Митька нашел обгоревшую пишущую машинку. Мы вытащили ее на траву, покрутили, повертели — не работает. Ну, куда ее? Хватили по ней камнем раз-другой, разбили, расплющили, чтоб не досталась врагу.
Поодаль от пожарища валялся железный ящик, тяжелый-претяжелый, с места не сдвинуть. В таких ящиках хранят деньги.
Но никаких денег в нем нет, ящик поломан, дверца, как сказал Митька, с мясом выдрана.
— Это Неумыка, — сообщил он, постучав босой ногой по железу.
— Неумыка в тюрьме, — не поверил Санька. — Может, другой кто…
— Был! — сказал Митька и сплюнул сквозь редкие зубы. Плевать так Митька мастак. Ни у кого из нас не получается, как у него.
До войны Кузьма Неумыка в колхозе не работал, мало жил дома. Он говорил, что с его специальностью самое место в городе. Что у него за специальность, в деревне знали стар и мал. Он крал в поездах чемоданы, вырезал карманы на базаре, промышлял по квартирам. Об этом я сам часто слышал от взрослых.
Иногда Кузьма появлялся в деревне с перевязанной головой, с синяком под глазом, а то и вовсе родичи привозили его едва живого. Тогда по околице шли слухи, что Неумыка где-то не на того нарвался. Но проходила неделя-другая, и он, отлежавшись, снова исчезал.
Бывало и так, что Кузьма возвращался из города в новых хромовых сапогах, в дорогом костюме, с полной мошной денег. Тогда из его хаты — она стоит как раз напротив новой школы — с утра до ночи слышались пьяные песни, шум и вопли. Это Неумыка бил свою Устинью — худую, всегда испуганную женщину. Глаза у нее большие и круглые, как пятаки, потому все и зовут Неумычиху Совой.
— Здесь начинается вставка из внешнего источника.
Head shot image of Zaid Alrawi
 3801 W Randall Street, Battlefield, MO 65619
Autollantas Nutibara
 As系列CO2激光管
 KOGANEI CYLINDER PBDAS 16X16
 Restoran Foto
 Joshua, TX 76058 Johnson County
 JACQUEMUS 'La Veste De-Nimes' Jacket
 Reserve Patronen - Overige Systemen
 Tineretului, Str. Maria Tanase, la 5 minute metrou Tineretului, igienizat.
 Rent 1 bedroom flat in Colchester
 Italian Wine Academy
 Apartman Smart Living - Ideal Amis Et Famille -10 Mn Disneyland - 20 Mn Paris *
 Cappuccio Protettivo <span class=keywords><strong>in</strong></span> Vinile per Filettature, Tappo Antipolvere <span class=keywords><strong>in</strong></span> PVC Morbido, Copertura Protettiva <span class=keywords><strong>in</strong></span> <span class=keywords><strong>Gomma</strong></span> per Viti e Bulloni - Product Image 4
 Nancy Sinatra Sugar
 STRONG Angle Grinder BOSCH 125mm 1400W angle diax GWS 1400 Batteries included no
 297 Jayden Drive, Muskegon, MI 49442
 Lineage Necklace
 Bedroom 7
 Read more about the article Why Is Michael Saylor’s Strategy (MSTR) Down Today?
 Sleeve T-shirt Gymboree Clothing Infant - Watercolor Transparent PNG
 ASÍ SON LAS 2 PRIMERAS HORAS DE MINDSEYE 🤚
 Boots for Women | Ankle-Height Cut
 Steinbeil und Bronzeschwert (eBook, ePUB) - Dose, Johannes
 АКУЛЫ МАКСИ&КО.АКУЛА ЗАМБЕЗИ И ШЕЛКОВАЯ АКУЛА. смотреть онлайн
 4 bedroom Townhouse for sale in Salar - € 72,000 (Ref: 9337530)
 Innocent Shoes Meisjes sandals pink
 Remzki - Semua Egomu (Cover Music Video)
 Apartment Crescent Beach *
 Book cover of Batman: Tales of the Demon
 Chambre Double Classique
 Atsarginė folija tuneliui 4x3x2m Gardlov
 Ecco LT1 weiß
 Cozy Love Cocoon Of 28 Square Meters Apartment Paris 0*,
Есть у Неумыки сын Коля. Он пошел в школу на год раньше нас с Санькой, но мы догнали его во втором классе. Колю даже посадили вместе со мной. На первом же уроке Неумыка-младший стащил у меня цветные карандаши, и на перемене мы подрались. После этого учительница нас рассадила.
Коля — хлопец сильный, как и его отец, и такой же рыжий, и такой же вор. Только он не ходит в город, а ворует в деревне. Бывало, зайдет в сельмаг, а у него такая длинная проволока с острым концом. Только продавец отвернется, он раз — и булка или коржик в руках. Лови его потом, догоняй.
Летом, когда люди в поле, проведает Неумыка-младший, у кого хата без присмотра, вынет в окне стекло, пошастает в печи по горшкам, вытащит из борща мясо, поснимает с горлачей сливки, а деньги на виду — и деньги возьмет. Его ловили, драли уши, секли лозой и крапивой, отводили к отцу, когда тот был дома. Но ничто не помогало. Какой дуб, такой и клин, каков отец, таков и сын.
Перед самой войной Неумыка обокрал сельмаг, и его, верно, в пятый раз посадили в тюрьму.
— А позавчера он целый воз добра из города приволок, — рассказывал Митька. — Шкафы, зеркала, одежду охапками носили.